**RECORDS:**
○ ○ ○ ○ ○ ○ ○

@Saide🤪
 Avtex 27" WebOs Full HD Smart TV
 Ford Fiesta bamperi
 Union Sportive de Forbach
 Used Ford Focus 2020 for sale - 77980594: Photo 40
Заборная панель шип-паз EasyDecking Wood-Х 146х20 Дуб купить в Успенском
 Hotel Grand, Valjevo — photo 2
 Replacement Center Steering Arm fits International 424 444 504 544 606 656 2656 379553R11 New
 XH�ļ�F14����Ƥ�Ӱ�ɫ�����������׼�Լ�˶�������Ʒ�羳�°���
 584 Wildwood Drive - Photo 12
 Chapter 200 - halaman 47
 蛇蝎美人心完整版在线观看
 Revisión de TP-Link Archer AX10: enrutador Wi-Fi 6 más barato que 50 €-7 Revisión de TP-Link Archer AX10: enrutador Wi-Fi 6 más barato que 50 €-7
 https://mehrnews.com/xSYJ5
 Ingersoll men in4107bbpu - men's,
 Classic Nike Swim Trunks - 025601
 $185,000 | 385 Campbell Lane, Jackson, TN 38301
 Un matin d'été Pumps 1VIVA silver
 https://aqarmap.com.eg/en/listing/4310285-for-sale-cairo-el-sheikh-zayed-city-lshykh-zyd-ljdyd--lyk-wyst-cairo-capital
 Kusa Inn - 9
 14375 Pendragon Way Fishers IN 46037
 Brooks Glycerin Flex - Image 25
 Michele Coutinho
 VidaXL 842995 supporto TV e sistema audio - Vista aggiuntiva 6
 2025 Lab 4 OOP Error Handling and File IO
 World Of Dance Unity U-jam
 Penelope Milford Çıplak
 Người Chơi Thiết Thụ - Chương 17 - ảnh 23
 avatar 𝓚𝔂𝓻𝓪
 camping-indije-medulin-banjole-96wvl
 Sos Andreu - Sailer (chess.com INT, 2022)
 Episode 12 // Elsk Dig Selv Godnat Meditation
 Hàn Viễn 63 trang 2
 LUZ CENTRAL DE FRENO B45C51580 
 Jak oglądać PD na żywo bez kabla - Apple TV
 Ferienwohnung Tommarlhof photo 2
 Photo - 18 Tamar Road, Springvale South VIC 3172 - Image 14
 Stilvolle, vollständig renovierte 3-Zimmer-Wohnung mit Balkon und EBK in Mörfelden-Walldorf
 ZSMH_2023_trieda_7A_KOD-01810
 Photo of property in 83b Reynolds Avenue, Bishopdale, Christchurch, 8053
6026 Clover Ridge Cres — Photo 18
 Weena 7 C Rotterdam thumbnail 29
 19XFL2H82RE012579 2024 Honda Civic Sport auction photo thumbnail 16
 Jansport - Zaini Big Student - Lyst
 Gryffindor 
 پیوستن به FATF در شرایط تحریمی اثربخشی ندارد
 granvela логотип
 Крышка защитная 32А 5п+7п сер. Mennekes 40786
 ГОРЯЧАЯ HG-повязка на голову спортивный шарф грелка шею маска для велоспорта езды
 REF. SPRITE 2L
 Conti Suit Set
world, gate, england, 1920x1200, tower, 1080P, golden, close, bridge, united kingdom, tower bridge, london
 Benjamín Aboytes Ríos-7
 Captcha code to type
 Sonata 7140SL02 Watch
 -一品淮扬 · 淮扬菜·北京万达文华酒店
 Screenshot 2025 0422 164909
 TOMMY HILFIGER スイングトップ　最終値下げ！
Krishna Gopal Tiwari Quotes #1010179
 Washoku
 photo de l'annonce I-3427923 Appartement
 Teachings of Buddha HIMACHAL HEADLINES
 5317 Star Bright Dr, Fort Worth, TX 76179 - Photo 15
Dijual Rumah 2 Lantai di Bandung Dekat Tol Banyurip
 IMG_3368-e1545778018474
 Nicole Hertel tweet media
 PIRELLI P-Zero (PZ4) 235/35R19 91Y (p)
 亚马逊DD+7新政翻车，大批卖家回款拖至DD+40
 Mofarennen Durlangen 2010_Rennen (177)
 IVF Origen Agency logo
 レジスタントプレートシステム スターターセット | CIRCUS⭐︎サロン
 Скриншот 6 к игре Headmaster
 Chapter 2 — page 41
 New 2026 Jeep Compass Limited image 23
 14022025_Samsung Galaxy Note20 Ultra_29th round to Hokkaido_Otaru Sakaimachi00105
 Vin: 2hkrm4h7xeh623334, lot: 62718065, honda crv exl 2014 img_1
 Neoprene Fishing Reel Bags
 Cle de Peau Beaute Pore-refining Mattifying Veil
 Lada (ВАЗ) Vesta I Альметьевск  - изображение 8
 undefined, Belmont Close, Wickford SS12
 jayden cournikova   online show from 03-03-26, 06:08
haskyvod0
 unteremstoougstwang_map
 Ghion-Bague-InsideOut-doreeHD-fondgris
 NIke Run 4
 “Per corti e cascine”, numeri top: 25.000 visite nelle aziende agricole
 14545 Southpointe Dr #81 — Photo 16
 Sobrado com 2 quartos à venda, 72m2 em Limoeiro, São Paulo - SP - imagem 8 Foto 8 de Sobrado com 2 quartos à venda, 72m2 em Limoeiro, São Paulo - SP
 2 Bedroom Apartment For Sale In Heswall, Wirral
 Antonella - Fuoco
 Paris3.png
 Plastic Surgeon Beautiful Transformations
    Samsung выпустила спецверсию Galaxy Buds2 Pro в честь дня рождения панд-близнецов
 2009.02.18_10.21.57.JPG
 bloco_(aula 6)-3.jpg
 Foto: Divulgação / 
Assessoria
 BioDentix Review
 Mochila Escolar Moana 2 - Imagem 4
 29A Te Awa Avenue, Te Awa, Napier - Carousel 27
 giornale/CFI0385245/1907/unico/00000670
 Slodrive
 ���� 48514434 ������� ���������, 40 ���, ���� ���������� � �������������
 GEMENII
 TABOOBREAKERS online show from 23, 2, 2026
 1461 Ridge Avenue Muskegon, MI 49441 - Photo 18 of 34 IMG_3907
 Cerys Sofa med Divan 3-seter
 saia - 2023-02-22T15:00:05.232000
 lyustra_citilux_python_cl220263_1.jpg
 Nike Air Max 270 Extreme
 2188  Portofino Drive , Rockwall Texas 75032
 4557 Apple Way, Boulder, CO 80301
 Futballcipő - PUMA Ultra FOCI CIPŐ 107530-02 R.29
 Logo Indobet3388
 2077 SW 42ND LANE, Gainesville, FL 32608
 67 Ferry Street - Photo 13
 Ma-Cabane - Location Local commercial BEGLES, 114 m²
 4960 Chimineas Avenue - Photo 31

○ ○ ○ ○ ○ ○ ○

Copy the entries above exactly, but only from the line holding "Крышка защитная 32А" through the line holding "Neoprene Fishing Reel Bags", both included.

 Крышка защитная 32А 5п+7п сер. Mennekes 40786
 ГОРЯЧАЯ HG-повязка на голову спортивный шарф грелка шею маска для велоспорта езды
 REF. SPRITE 2L
 Conti Suit Set
world, gate, england, 1920x1200, tower, 1080P, golden, close, bridge, united kingdom, tower bridge, london
 Benjamín Aboytes Ríos-7
 Captcha code to type
 Sonata 7140SL02 Watch
 -一品淮扬 · 淮扬菜·北京万达文华酒店
 Screenshot 2025 0422 164909
 TOMMY HILFIGER スイングトップ　最終値下げ！
Krishna Gopal Tiwari Quotes #1010179
 Washoku
 photo de l'annonce I-3427923 Appartement
 Teachings of Buddha HIMACHAL HEADLINES
 5317 Star Bright Dr, Fort Worth, TX 76179 - Photo 15
Dijual Rumah 2 Lantai di Bandung Dekat Tol Banyurip
 IMG_3368-e1545778018474
 Nicole Hertel tweet media
 PIRELLI P-Zero (PZ4) 235/35R19 91Y (p)
 亚马逊DD+7新政翻车，大批卖家回款拖至DD+40
 Mofarennen Durlangen 2010_Rennen (177)
 IVF Origen Agency logo
 レジスタントプレートシステム スターターセット | CIRCUS⭐︎サロン
 Скриншот 6 к игре Headmaster
 Chapter 2 — page 41
 New 2026 Jeep Compass Limited image 23
 14022025_Samsung Galaxy Note20 Ultra_29th round to Hokkaido_Otaru Sakaimachi00105
 Vin: 2hkrm4h7xeh623334, lot: 62718065, honda crv exl 2014 img_1
 Neoprene Fishing Reel Bags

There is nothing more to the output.